Multiple headwinds - including the removal of rent convergence - have reduced housing associations’ capacity to build resulting in the collapse of affordable homebuilding, especially in London and the South East. So we were pleased to see government acknowledge the need to stabilise housing association rents, which underpins our ability to build new homes and maintain existing stock, and launch a consultation on how to implement rent convergence.

The key recommendations made in our response are that:

•  Rent convergence should be at £3 per week

•  Convergence should begin as soon as possible

•  Convergence should be applied until target rents are met.

Government asked if the uplift on below-target homes should be £1 or £2 per week, but along with the sector, we've highlighted the impact a £3 a week convergence policy would have. It's essential to enable us to invest in both new and existing homes. Costs are rising with the implementation of new regulatory requirements like the Decent Homes Standard. Rent convergence will give us some breathing room. It'll also reassure lenders, as rents are our largest source of income. 

We also made the point that the impact on the public purse may be lower than government estimated in its impact assessment - at least in the case of Southern Housing.
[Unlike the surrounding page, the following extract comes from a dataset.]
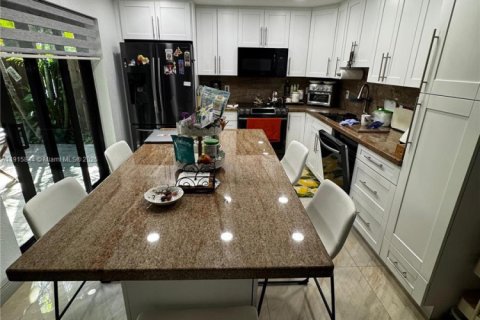 Touwnhouse à vendre à Boca Raton, Floride: 3 chambres, 148.46 m2 № 1970765 - photo 9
The Government’s impact assessment states that they are working on the basis that only around one third of social rented sector households are not in receipt of Housing Benefit or the housing element of Universal Credit (HB/UCHE) to help pay their rent. In response to this consultation, we undertook analysis to understand if this assumption is correct for our homes below target rent and found that for the homes where convergence would be applied, fewer were in receipt of these benefits. 

With our views now submitted, we look forward to government's response.